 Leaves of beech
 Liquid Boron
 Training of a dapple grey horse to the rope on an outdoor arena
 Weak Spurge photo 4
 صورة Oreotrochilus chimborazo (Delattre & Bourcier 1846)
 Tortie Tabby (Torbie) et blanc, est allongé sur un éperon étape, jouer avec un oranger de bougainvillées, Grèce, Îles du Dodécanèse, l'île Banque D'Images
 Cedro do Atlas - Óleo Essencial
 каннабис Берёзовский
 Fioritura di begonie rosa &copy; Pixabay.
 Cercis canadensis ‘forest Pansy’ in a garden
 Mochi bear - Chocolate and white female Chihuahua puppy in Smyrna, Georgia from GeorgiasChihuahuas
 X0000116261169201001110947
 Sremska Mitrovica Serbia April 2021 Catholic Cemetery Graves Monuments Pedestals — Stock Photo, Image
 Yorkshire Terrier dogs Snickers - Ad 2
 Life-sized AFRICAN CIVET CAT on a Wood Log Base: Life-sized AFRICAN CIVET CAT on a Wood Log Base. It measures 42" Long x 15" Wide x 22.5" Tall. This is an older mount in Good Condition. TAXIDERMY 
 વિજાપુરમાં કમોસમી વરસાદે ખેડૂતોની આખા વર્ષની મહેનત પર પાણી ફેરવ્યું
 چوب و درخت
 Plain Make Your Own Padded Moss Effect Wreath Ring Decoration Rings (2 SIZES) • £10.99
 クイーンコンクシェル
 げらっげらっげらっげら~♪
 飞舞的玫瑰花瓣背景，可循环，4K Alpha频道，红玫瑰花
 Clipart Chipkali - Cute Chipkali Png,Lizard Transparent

--------

Requirement: Beginning at the line with "Weak Spurge photo 4" and ending at the line with "Cercis canadensis ‘forest Pansy’ in a garden", reproduce each line of the data above exactly, and add no other lines.

Result of this exercise:
 Weak Spurge photo 4
 صورة Oreotrochilus chimborazo (Delattre & Bourcier 1846)
 Tortie Tabby (Torbie) et blanc, est allongé sur un éperon étape, jouer avec un oranger de bougainvillées, Grèce, Îles du Dodécanèse, l'île Banque D'Images
 Cedro do Atlas - Óleo Essencial
 каннабис Берёзовский
 Fioritura di begonie rosa &copy; Pixabay.
 Cercis canadensis ‘forest Pansy’ in a garden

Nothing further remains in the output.